|By Kevin Collison, The Kansas City Star,
Mo.McClatchy-Tribune Regional News
Aug. 4, 2007--The developer of the historic Freight House building, home of three upscale restaurants, wants to complete his original plan by building a 21-story hotel and garage nearby.
Dan Clothier said a hotel was part of the draft redevelopment concept when the 120-year-old Freight House was renovated 10 years ago. The brick landmark at 101 W. 22nd St. in the heart of the Crossroads Arts District now houses City Tavern, which Clothier owns, as well as Lidia's Kansas City and Fiorella's Jack Stack Barbecue.
"We withdrew the hotel mainly because we had some trepidation about the future of the market in Kansas City at that time," Clothier said Friday. "The first quarter of last year we saw an uptick in hotel occupancy and decided to dust off our plans."
The proposed hotel would be east of the Freight House and face the Main Street viaduct. The hotel would have its entrance on Main, and the 260-space garage would have access both from Main and the surface parking lot that serves the Freight House restaurants.
The plan calls for an 18-story hotel tower atop a three-level garage. The tower would accommodate up to 200 hotel rooms or a combination of 160 hotel rooms and 25 residential condominiums.
No restaurant would be included in the hotel, and in fact one of the hoped-for outcomes would be bringing additional business to the nearby Freight House restaurants. Clothier said new business would be helpful as the Freight House establishments prepare for new rivals in the Power & Light District being built downtown.
"With all the new projects coming to Kansas City's central business district, the Freight House restaurants will have to fight hard to remain viable in the face of increased competition," he said.
A rezoning request is to be considered Aug. 21 by the City Plan Commission for the $38 million proposal. The developer also is asking for the Freight House to be divided into three units to allow each restaurant to own and manage its property, and form a condominium association.
Clothier plans to maintain ownership of City Tavern and develop the proposed hotel and garage. He plans to seek tax increment financing for the garage, which is expected to cost $8 million to $9 million. TIF allows a developer to divert part of the net new taxes generated by a project to reimburse the extraordinary costs.
In seeking TIF, Clothier acknowledged he was in controversial territory but said it would be a "pay as you go" plan in which he would assume all the risk in repaying the financing. The city's tax incentive policies are currently the subject of a review ordered by Mayor Mark Funkhouser.
Clothier's plan calls for the existing TIF plan to be used to help renovate the Freight House, known as the 22nd and Main TIF, to be extended 10 years beyond its 2020 expiration date to assist the hotel's garage, and also use some of the new revenues expected to be generated by the hotel itself.
The TIF currently generates $200,000 annually in net new revenues for local governments after covering the TIF costs, he said.

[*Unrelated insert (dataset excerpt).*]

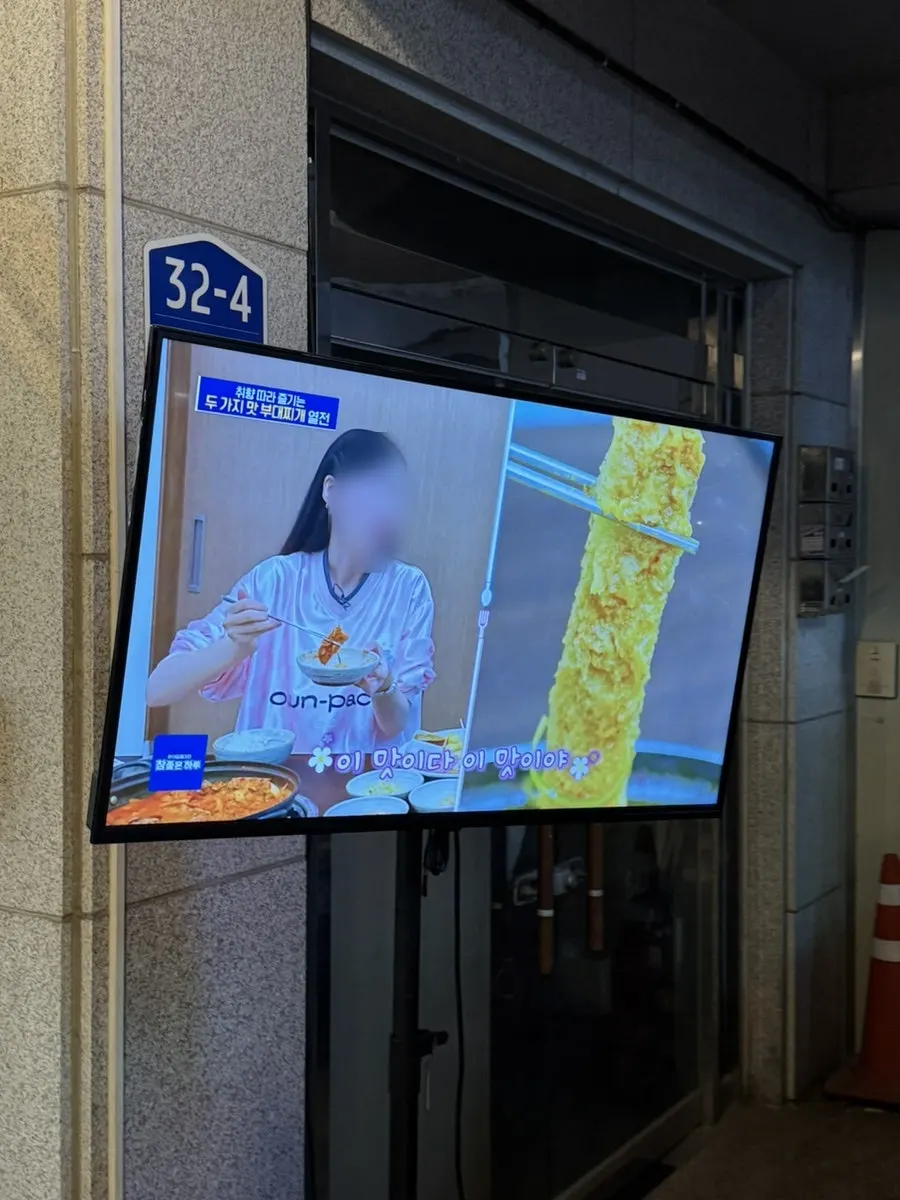 Sign announcing takeout discount and free egg roll promotion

The developer said the proposed hotel should not be a cause for concern for advocates of a new convention center hotel.
A study has recommended that a 1,000-room hotel be built in the next few years near Bartle Hall. There have been concerns that continuing to subsidize the construction of smaller hotels downtown would make that goal more difficult.
Clothier said his project would be a milelong walk from the convention center. He also said it was not seeking new tax increment assistance, but only extending the original Freight House TIF.
Bill Lucas, president of Crown Center Redevelopment and chairman of a Kansas City Convention & Visitors Association task force examining the issue of a new 1,000-room convention center hotel, challenged Clothier's proposal, saying it would not help attract more business to the community. Crown Center is home to the Westin Crown Center and the Hyatt Regency Crown Center.
"I feel fairly certain the (visitors association) and Hotel-Motel Association would be opposed to a further TIF," Lucas said. "If we do anything, it should be supporting something that moves the dial here, and this doesn't create demand. As long as it's not creating new demand, it takes away from others."
Clothier envisions the proposed hotel as an extended-stay operation similar to a Resi dence Inn or Homestead Suites that would serve guests coming to such nearby facilities as the Federal Reserve Bank of Kansas City and the new Internal Revenue Service Processing Center on West Pershing Road, or tourists to Liberty Memorial and Union Station.
Should the rezoning move forward, Clothier plans to seek a co-developer for the project and would like to submit an application to the TIF Commission this winter. An operator and final concept also would be identified by then. The project architect is Shaw Hofstra + Associates.